### Records supplied
◇ ◇ ◇ ◇ ◇

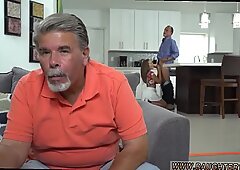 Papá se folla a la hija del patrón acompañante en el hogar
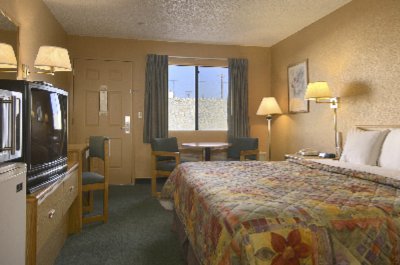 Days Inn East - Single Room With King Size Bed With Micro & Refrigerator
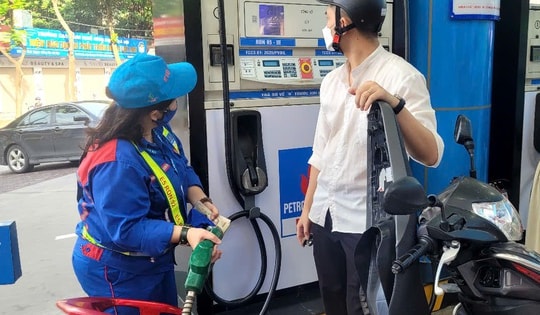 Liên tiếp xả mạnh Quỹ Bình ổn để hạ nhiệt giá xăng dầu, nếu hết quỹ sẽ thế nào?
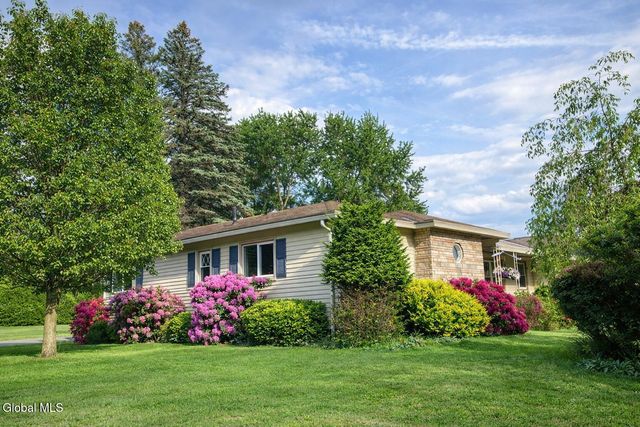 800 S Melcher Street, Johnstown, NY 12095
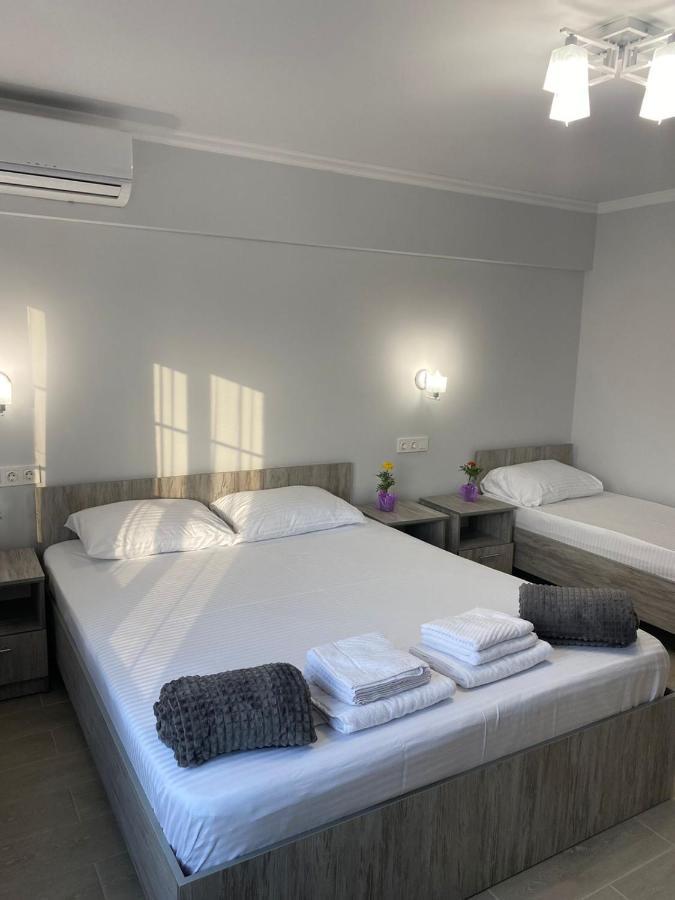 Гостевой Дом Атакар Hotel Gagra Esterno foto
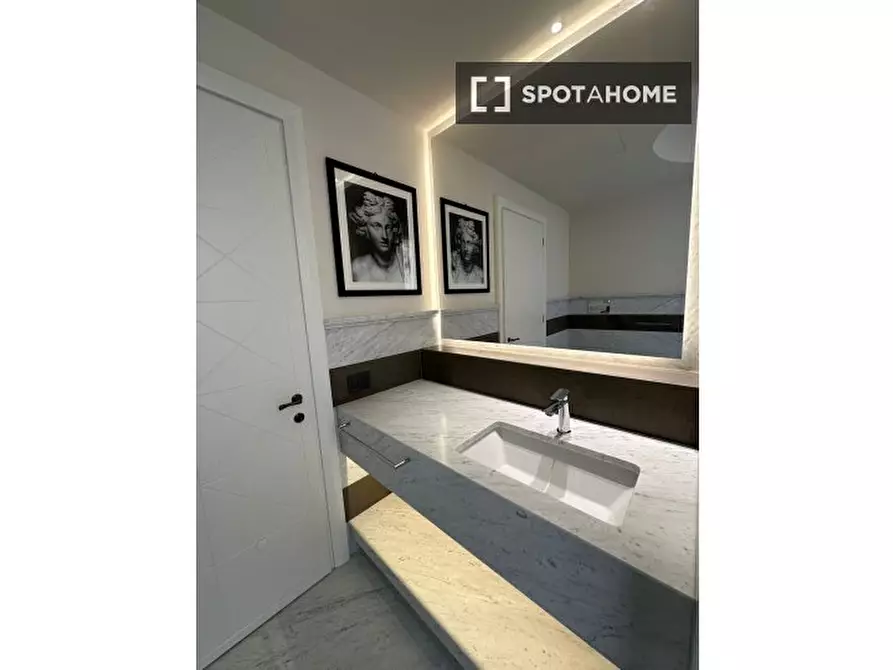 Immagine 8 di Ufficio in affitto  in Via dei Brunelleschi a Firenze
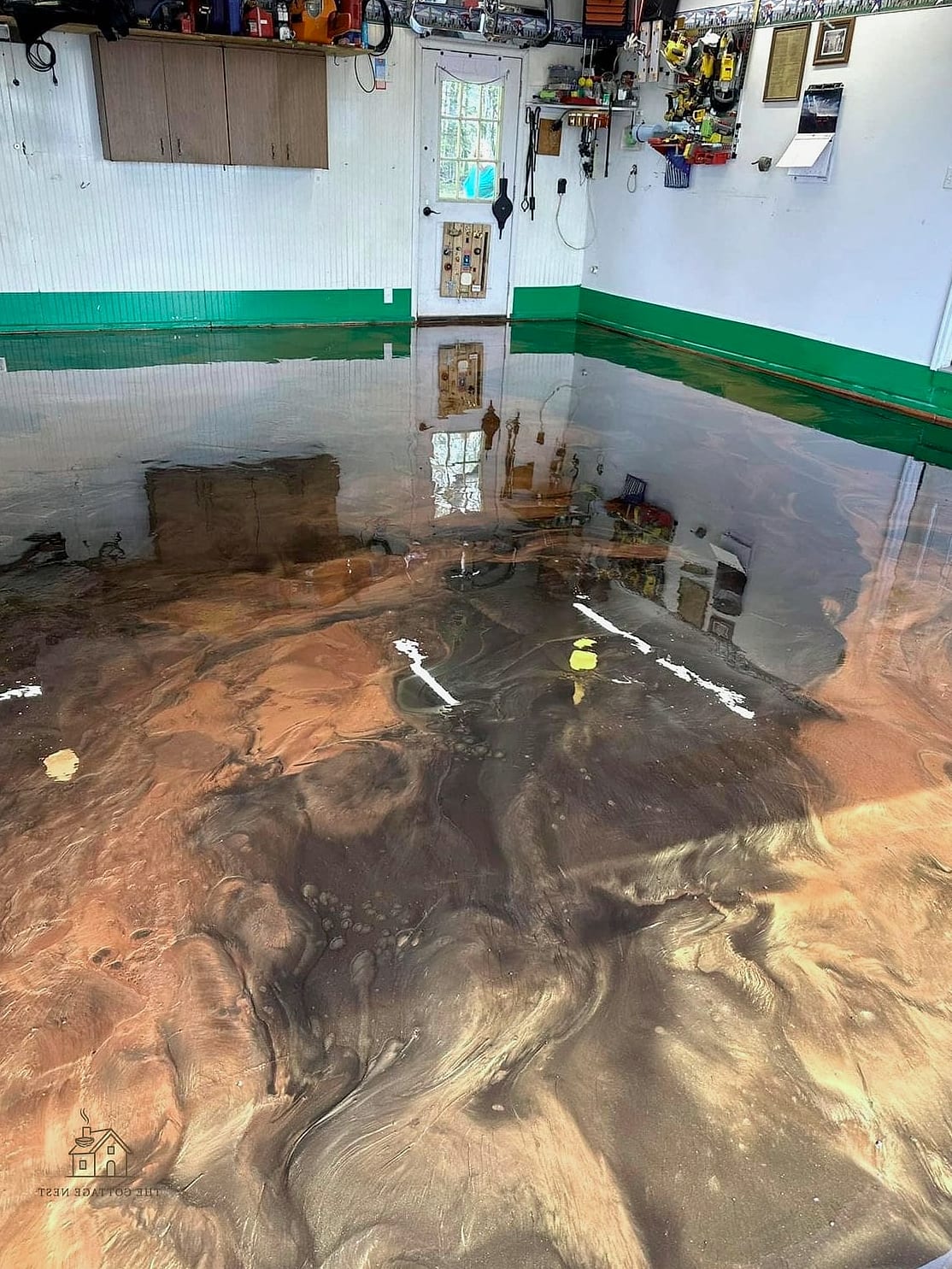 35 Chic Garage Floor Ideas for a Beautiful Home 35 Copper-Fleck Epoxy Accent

◇ ◇ ◇ ◇ ◇

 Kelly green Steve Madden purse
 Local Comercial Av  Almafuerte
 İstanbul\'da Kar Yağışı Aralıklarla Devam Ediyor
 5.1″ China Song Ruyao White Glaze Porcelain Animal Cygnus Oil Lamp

◇ ◇ ◇ ◇ ◇

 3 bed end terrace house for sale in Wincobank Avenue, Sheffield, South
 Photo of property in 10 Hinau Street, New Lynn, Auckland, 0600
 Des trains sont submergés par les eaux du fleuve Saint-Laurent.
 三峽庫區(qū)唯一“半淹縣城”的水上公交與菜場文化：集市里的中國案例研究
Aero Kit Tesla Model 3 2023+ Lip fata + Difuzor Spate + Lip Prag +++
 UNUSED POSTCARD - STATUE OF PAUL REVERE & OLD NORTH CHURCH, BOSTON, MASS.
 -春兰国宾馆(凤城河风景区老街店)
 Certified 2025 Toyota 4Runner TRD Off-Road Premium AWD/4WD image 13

◇ ◇ ◇ ◇ ◇

### Work request
Output exactly the lines above that lie between the line with "Papá se folla" and the line with "35 Chic Garage", those two lines included, and no pictures.

### Solution to the problem
 Papá se folla a la hija del patrón acompañante en el hogar
 Days Inn East - Single Room With King Size Bed With Micro & Refrigerator
 Liên tiếp xả mạnh Quỹ Bình ổn để hạ nhiệt giá xăng dầu, nếu hết quỹ sẽ thế nào?
 800 S Melcher Street, Johnstown, NY 12095
 Гостевой Дом Атакар Hotel Gagra Esterno foto
 Immagine 8 di Ufficio in affitto  in Via dei Brunelleschi a Firenze
 35 Chic Garage Floor Ideas for a Beautiful Home 35 Copper-Fleck Epoxy Accent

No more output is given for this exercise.